A direção de Thea Hvistendahl em “Lidando com os Mortos” contrasta esses dois momentos com uma unidade que se vale bastante do silêncio, em uma aura de introspecção. Diante da ausência, a mise-en-scène pontua o isolamento por meio de planos fixos em que os membros da família são enquadrados por entre frestas de janelas e portas, solitários. Passada a euforia do contato com o ente morto, eles percebem que não são bem as pessoas que eram antes, e retornam para esse tom taciturno e fúnebre de antes. Outros filmes, como “Cemitério Maldito” (1989), exploram justamente esse retorno dos mortos como esperança para lidar com luto, mas na chave de horror.

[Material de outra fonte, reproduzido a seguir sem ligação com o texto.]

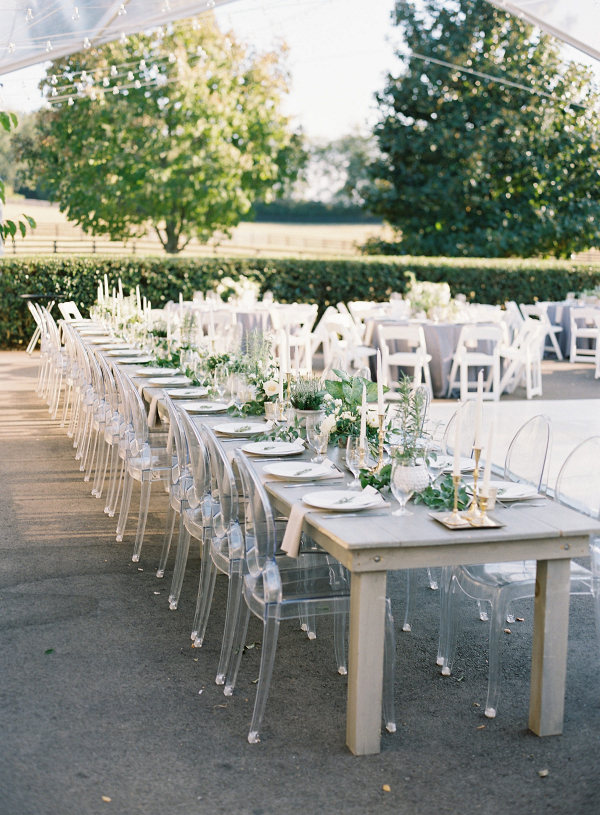 Outdoor wedding reception with farm tables and ghost chairs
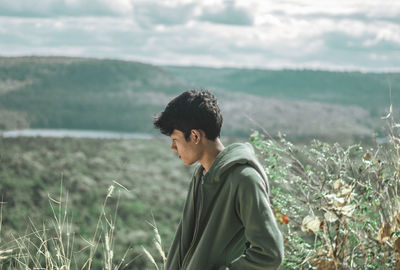 Side view of young man looking away on field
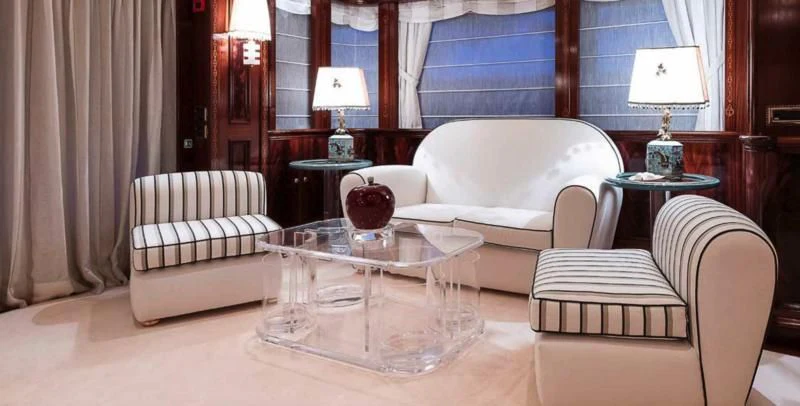 a living room with a couch and a coffee table aboard BEOL Yacht for Sale
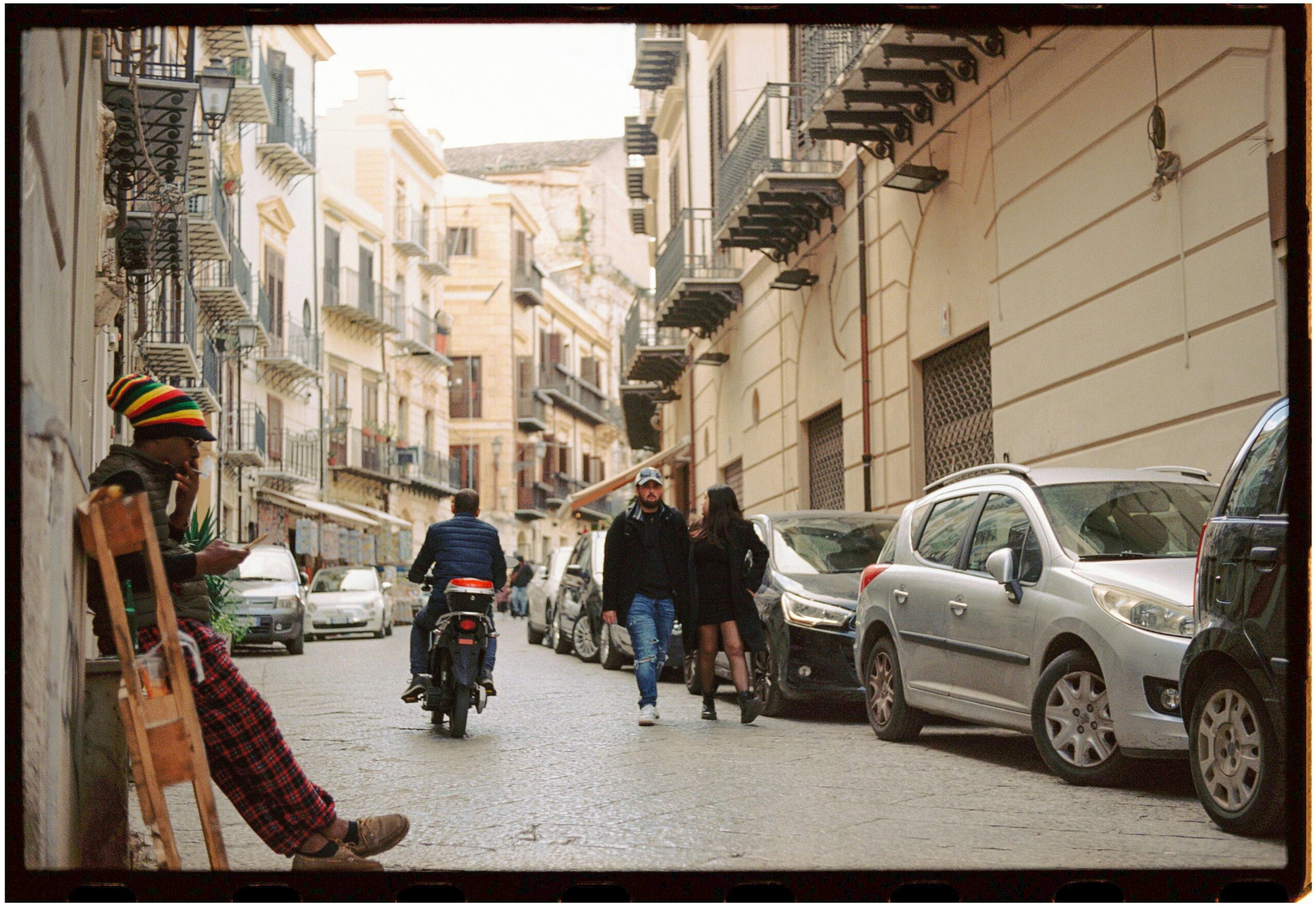 Charming urban street in Palermo with pedestrians, vehicles, and classic architecture.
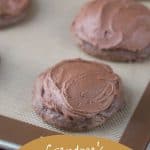 chocolate cookies with chocolate frosting on a silicone baking mat.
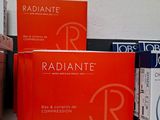 several boxes of radiante are stacked on a shelf in front of a white wall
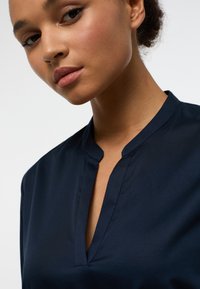 Blusa blu navy con una texture morbida, caratterizzata da un colletto alla cinese e un leggero scollo a V. Design pulito con dettagli di cucitura minimi.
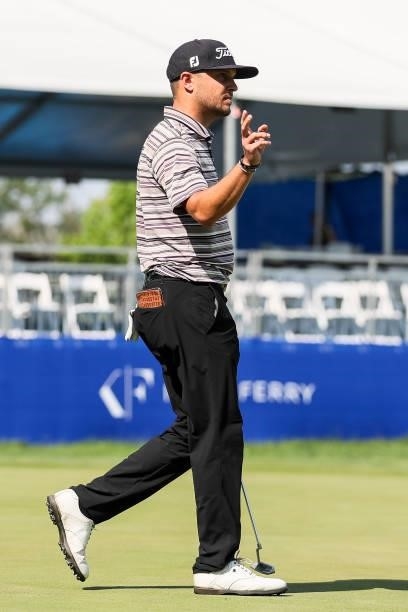 Kevin Lucas acknowledges the crowd after sinking his putt on the 17th green during the final round of the Wichita Open Benefitting KU Wichita...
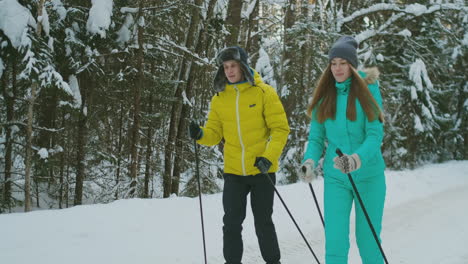 smiling girl in blue jacket skiing rides in the woods with her boyfriend in winter on the eve of valentine's day. slow motion.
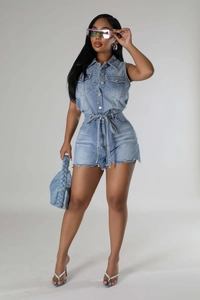Détail de combishort en jean bleu clair avec boutons en métal et taille à cordon serrage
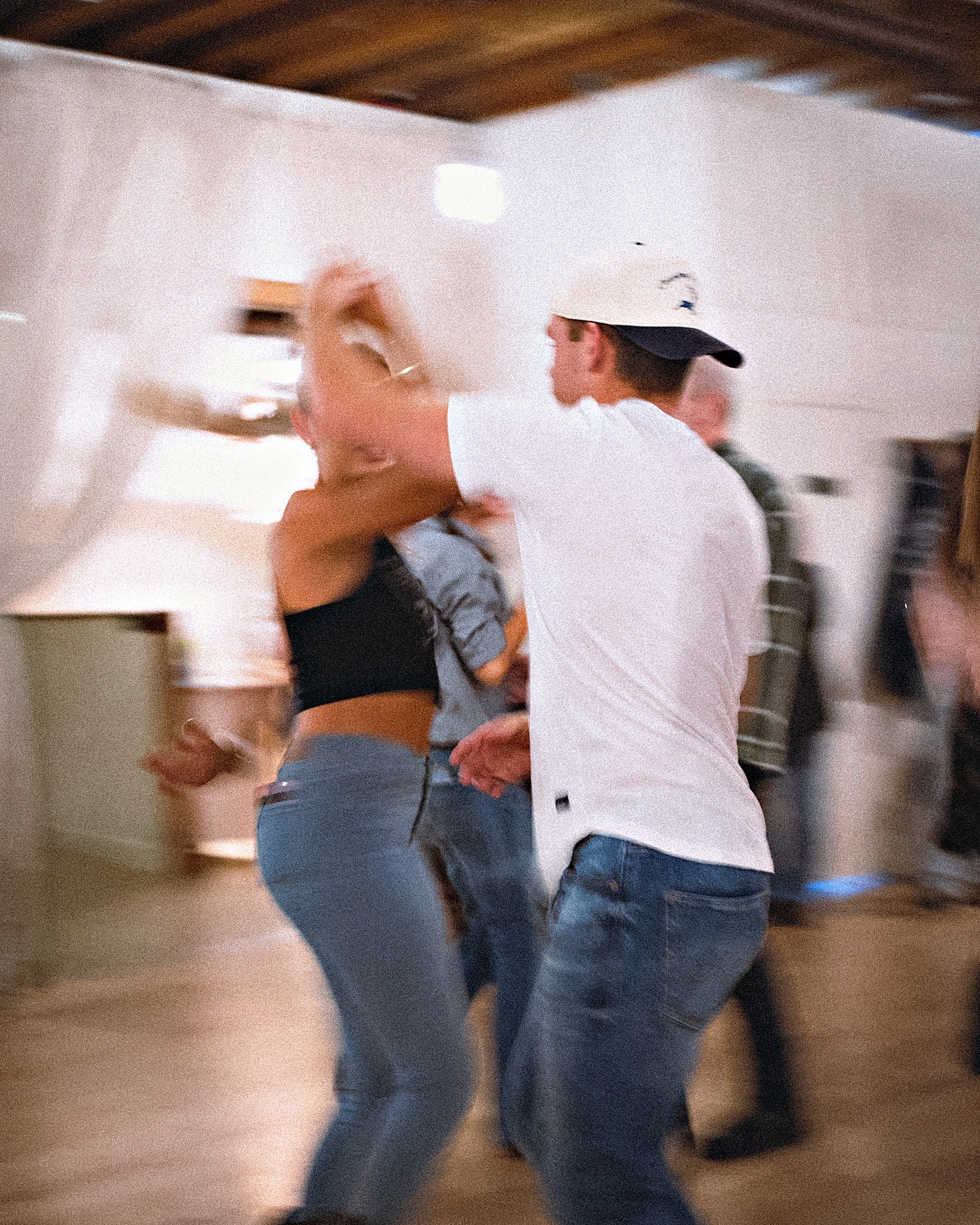 Dancers performing a swing dance move at a Beach Ballroom social in Toronto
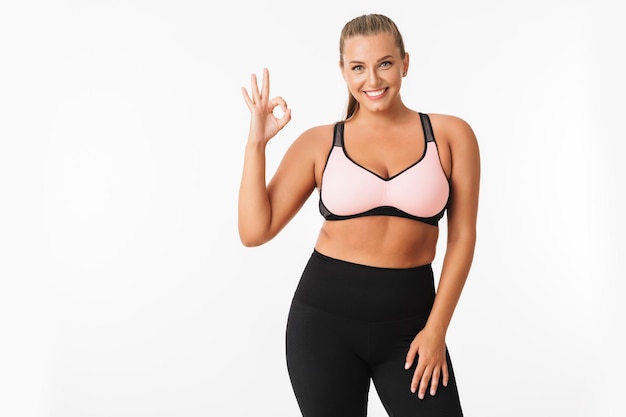 Smiling plump girl in sporty top and leggings happily showing ok gesture while looking in camera over white background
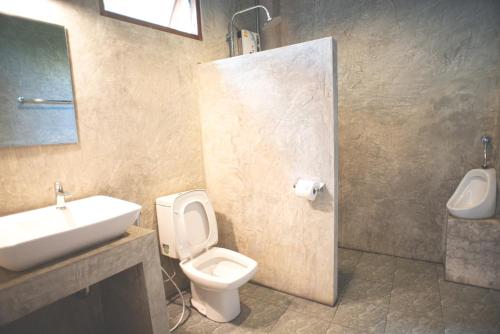 a bathroom with a white toilet and a sink at Suan Sook Homestay in Chom Thong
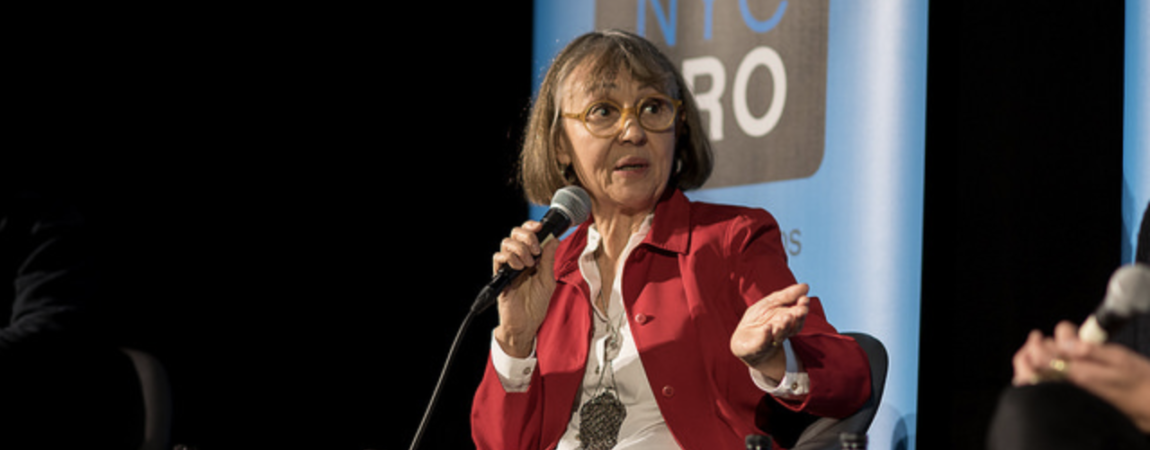 A photo of Alice, a white woman in a red blazer and white shirt with a brown bob, holding a microphone on stage while sitting in a chair. She is talking to someone off screen.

Enquanto na obra adaptada de Stephen King, a experiência da ressurreição no cemitério de animais dava direito a gato maníaco e criança diabólica, aqui os zumbis são apáticos, com rosto inexpressivo e carne já em decomposição, o que demonstra o bom trabalho de maquiagem da produção.
Dessa forma, o contato com o morto passa a ser, também, uma forma de encarar a morte e o luto. Quem não gostaria que um familiar retornasse do além para ocupar o lugar deixado? Ali, todos querem, mas ao lidarem com o corpo sem a mesma vida e identidade de antes, o desejo já parece ser um pesadelo. Não tanto no sentido de aterrorizar, uma vez que a direção só engrena no terror de fato em momento muito avançado da rodagem. Dá a sensação, até, de que o filme “se envergonha” de ser terror. Ao longo da narrativa, desconstrói as convenções de filme-de-zumbi para evocá-las apenas no final de forma muito apressada. Não mais apáticos, os mortos-vivos passam a trazer risco. Reside neste aspecto uma das maiores incongruências do longa: dedica-se em sua maior parte a ser um drama que ressignifica os zumbis e depois cede.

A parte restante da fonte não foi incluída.